We're aware of the random H12s problems. Some apps are affected pretty badly, others not at all, and we're not sure why yet. Sorry that you've had such a bad experience with this. We're continuing to investigate. If we're not able to find a solution in a timely fashion, I'll completely understand if you no longer want to use our product for this app.
Knowing how many dynos you need is definitely a problem. We have implemented autoscaling in the past... but it always sucked. It's hard to find a one-size-fits-all-solution. Rather than ship something sub-par we chose not to ship anything at all.
I understand a lot of people do well with autoscaling libraries and 3rd party add-ons. Would be curious to hear your experience with any of these.
I completely agree that it shouldn't take complaining in public to get a company to listen to its customers. That's was our biggest mistake in all of this, IMO — not listening.
I gladly accept your compliment that our git deploy remains the best on the market. :)
I'm sorry we haven't been able to serve you better. Let me know if you'd be willing to talk via skype sometime — even if you end up leaving the platform (or already have), I'd like to understand in more depth where we went wrong so we can do better in the future.
Your response only re-enforces my hard won opinion that Heroku should never be used for a production environment for any business that is trying to be successful and popular. Admitting that you have no idea why critical areas of your infrastructure is causing issues, while at the same time charging people an arm and a leg for services (we pay ~$4k/mo) feels like theft to me. I've built solutions for a large porn company that runs on significantly less infrastructure than what we are running on Heroku and handles 100x more traffic. Something is wrong here with the dyno/router model and maybe it is that you guys are just oversubscribed and not admitting to it in public.
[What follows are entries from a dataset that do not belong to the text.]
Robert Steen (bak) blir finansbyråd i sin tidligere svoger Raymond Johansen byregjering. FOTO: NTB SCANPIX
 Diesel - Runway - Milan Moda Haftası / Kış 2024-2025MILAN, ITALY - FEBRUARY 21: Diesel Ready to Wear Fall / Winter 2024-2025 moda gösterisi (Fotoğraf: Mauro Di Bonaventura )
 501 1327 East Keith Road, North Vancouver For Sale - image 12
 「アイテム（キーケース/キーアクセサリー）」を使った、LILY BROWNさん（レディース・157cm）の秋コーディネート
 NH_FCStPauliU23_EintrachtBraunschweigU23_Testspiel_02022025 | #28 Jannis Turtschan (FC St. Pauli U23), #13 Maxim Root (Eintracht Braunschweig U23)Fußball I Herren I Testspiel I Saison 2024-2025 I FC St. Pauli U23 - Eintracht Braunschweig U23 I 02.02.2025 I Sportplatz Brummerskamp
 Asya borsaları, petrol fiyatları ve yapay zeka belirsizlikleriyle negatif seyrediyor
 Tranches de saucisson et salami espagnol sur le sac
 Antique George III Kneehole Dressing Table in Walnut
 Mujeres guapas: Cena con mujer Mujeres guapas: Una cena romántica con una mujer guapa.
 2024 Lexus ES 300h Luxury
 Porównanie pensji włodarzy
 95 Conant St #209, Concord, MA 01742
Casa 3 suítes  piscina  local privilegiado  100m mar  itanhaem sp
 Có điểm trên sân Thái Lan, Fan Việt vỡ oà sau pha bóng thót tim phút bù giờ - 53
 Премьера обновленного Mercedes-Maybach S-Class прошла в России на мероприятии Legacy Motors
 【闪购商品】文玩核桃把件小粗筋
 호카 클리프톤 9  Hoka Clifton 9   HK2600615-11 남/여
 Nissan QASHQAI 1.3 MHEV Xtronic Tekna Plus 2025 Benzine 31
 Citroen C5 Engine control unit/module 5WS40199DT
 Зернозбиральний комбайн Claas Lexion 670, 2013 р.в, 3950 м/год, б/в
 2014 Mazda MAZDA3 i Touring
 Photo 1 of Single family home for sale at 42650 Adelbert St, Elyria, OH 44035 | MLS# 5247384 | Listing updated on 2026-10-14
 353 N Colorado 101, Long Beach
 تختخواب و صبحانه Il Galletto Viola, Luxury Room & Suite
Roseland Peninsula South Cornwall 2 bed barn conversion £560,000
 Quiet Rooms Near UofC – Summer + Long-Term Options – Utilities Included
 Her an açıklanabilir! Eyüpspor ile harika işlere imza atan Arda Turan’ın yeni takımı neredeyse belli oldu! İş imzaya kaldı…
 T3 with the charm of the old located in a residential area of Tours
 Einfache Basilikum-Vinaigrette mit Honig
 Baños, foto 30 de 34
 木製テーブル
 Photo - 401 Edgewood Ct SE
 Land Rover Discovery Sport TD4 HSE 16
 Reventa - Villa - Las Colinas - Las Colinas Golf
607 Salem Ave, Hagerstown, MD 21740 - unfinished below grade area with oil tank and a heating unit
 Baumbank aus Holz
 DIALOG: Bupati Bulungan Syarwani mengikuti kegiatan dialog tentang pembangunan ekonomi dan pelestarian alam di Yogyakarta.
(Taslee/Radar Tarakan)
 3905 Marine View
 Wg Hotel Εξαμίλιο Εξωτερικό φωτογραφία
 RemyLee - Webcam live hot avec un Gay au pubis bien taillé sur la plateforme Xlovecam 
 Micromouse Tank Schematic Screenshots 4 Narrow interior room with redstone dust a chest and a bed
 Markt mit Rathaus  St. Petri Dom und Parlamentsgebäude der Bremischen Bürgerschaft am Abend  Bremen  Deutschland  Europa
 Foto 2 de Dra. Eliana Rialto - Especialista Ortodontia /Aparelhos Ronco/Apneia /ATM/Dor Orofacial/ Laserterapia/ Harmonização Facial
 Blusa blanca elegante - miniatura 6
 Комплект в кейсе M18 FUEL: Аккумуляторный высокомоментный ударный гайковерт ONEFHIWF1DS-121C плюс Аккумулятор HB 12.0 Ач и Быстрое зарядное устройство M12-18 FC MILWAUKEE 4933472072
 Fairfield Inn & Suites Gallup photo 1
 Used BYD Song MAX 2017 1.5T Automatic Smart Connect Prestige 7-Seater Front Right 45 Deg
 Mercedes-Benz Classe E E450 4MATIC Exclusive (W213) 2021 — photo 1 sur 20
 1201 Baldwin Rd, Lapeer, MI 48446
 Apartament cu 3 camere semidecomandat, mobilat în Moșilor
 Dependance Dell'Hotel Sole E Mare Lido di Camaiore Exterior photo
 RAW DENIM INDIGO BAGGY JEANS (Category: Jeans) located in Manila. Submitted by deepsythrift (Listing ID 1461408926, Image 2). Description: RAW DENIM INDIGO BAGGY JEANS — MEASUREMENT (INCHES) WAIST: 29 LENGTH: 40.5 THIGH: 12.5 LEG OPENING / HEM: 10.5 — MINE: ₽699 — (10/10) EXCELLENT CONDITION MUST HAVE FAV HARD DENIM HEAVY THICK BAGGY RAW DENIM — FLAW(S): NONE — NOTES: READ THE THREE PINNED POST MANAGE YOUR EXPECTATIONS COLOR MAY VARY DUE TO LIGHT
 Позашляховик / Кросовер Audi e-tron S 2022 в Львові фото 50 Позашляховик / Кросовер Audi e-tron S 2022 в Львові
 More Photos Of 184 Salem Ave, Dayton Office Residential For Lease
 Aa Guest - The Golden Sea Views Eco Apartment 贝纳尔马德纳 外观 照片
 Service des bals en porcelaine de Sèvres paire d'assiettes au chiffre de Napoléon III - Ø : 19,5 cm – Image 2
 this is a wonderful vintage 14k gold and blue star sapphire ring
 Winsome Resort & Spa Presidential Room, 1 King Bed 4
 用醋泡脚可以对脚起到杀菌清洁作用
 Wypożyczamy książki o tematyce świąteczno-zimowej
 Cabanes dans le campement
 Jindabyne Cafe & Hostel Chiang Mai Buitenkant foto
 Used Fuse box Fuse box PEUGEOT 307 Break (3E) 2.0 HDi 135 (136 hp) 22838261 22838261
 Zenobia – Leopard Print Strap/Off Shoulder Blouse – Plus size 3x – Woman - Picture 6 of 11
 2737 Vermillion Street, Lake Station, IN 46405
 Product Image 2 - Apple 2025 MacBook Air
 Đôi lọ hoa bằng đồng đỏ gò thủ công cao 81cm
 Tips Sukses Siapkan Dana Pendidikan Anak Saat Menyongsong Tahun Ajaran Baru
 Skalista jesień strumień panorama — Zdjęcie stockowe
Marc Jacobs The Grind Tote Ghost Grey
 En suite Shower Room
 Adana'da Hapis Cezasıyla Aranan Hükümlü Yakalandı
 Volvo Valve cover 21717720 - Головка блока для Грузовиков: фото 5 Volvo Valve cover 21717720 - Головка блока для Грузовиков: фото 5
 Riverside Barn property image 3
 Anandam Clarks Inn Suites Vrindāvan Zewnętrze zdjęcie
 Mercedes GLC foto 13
Yes, autoscaling is hard. I have apps on Google AppEngine and see their issues as well. That said, at least they are trying. Maybe even take one of those 3rd party libraries and try to harden and adapt that and make it a real solution? I think the real problem though lies in the fact that there isn't any good metrics for what dynos are doing so there is no metric for when something is too busy or not. Yes, log-runtime-metrics puts out some numbers, but those numbers are meaningless when all I have is a slider to change the amount of money we are paying you.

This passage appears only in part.